2. La Iglesia es nuestra madre porque nos ha dado a luz en el Bautismo. Cada
vez que bautizamos a un niño se convierte en hijo de la Iglesia. Y desde aquel
día, como mamá cuidadosa, nos hace crecer en la fe y nos indica, con la fuerza
de la Palabra de Dios, el camino de la salvación, defendiéndonos del mal.
La Iglesia ha recibido de Jesús el tesoro precioso del Evangelio no para
quedárnoslo, sino para darlo generosamente a los demás. ¡Cómo hace una madre!
En este servicio de evangelización se manifiesta de modo especial la maternidad
de la Iglesia, comprometida, como una madre, en ofrecer a sus hijos el alimento
espiritual que alimenta y fructifica nuestra vida cristiana.
Todos, por tanto, estamos llamados a acoger, con la mente y el corazón
abiertos, la Palabra de Dios que la Iglesia dispensa todos los días, porque
esta Palabra tiene la capacidad de cambiarnos desde dentro. Solo la Palabra de
Dios tiene esta capacidad de transformarnos desde dentro, de nuestras raíces
más profundas.
Tiene este poder la Palabra de Dios ¿y quien nos da la Palabra de
Dios? Nuestra Madre la Iglesia. Nos amamanta desde niños con esta
Palabra, nos alimenta toda la vida con esta Palabra ¡Esto es grande! Es la
Madre Iglesia la que con la Palabra de Dios nos cambia desde dentro. La Palabra
de Dios que nos da la Madre Iglesia nos transforma, hace que nuestra humanidad
no palpite según la carne sino según el Espíritu.
En sus cuidados maternos, la Iglesia se esfuerza en mostrar a los creyentes el
camino que hay que recorrer para vivir una existencia fecunda de alegría y de paz.
Iluminados con la luz del Evangelio y sostenidos por la gracia de los
Sacramentos, especialmente la Eucaristía, podemos orientar nuestras elecciones
al bien y atravesar con valentía y esperanza los momentos de oscuridad y los
senderos más tortuosos, que existen, en la vida existen. El camino de
salvación, a través del cual la Iglesia nos guía y nos acompaña con la fuerza
del Evangelio y el apoyo de los Sacramentos, nos da la capacidad de defendernos
del mal. La Iglesia tiene la valentía de una madre que sabe defender a sus
propios hijos de los peligros que derivan de la presencia de satanás en el
mundo, para llevarnos al encuentro con Jesús.

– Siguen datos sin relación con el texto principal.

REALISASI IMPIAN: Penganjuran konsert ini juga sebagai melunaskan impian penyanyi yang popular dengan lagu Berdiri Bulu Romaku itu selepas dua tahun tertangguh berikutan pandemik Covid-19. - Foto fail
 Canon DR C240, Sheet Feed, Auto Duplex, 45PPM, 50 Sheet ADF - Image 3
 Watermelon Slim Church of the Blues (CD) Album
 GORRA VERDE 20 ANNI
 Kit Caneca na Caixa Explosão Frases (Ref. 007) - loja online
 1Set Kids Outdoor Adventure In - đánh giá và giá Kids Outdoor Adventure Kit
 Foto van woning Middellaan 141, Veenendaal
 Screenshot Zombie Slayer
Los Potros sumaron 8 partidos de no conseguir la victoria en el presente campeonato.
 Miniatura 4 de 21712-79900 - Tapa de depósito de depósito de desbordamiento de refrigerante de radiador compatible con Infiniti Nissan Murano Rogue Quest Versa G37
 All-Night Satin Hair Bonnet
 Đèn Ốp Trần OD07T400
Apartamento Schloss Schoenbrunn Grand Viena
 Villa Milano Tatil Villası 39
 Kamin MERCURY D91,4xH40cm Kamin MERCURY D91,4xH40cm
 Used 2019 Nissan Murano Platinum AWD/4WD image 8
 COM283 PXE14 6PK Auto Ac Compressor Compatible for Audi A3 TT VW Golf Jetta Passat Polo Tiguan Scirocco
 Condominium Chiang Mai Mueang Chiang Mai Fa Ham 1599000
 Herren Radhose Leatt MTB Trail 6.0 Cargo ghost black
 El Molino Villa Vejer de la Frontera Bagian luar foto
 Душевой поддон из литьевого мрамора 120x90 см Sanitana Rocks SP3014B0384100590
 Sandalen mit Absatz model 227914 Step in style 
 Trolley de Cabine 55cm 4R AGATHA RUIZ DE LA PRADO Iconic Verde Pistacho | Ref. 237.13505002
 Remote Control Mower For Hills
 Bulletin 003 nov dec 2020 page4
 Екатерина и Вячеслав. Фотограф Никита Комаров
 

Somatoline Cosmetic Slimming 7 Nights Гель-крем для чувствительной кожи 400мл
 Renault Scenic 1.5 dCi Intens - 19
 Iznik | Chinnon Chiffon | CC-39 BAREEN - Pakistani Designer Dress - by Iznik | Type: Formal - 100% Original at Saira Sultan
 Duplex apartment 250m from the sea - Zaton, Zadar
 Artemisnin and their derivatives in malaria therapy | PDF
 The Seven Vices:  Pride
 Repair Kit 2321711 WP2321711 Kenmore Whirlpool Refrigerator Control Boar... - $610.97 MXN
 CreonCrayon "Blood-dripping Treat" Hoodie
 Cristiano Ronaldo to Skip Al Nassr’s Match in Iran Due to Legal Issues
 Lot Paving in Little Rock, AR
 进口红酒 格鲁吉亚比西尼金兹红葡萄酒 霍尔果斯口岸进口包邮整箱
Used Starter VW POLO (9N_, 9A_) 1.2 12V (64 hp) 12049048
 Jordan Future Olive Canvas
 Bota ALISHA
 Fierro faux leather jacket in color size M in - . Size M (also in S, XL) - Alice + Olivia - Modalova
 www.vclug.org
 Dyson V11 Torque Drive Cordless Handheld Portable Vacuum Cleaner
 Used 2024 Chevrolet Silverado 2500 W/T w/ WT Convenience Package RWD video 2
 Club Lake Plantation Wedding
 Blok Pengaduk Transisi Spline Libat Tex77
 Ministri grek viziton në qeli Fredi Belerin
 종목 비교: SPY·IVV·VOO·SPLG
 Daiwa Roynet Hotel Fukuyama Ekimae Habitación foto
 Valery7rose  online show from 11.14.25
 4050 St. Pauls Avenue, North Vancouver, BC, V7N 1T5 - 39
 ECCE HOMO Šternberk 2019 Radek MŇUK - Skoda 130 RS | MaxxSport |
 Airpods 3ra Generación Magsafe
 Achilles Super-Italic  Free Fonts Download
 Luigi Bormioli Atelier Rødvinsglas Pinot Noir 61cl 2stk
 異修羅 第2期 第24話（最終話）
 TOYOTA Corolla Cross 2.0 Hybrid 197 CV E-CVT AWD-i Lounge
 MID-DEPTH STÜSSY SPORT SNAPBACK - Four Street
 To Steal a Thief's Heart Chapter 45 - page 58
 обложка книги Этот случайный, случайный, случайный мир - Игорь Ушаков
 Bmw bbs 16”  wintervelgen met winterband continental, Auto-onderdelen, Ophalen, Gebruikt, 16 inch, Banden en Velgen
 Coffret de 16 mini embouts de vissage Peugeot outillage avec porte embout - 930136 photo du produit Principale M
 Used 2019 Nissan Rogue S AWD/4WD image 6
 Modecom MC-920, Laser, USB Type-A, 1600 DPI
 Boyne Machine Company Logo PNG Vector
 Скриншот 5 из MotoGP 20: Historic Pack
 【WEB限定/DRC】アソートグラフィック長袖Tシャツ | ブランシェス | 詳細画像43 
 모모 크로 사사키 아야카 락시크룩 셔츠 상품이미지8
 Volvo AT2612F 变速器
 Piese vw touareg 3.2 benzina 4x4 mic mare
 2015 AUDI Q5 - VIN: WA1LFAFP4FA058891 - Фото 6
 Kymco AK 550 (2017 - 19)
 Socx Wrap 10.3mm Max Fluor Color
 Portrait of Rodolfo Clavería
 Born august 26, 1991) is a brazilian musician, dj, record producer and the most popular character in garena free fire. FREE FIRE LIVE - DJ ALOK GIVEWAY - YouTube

Una madre siempre defiende a los
hijos. Esta defensa consiste también en la exhortación a estar vigilantes, vigilar
contra el engaño y la seducción del maligno. Porque aunque Dios ha vencido a
satanás, este vuelve siempre con sus tentaciones, lo sabemos todos nosotros,
hemos sido tentados, somos tentados. Él viene “como león rugiente da vueltas
buscando a quien devorar” dice Pedro (1Pe 5,8).
Nos corresponde a nosotros el
no ser ingenuos, vigilar y resistir firmes en la fe. Resistir con los consejos
de la madre, resistir con la ayuda de la Madre Iglesia. Como buena madre
siempre acompaña a sus hijos en los momentos difíciles.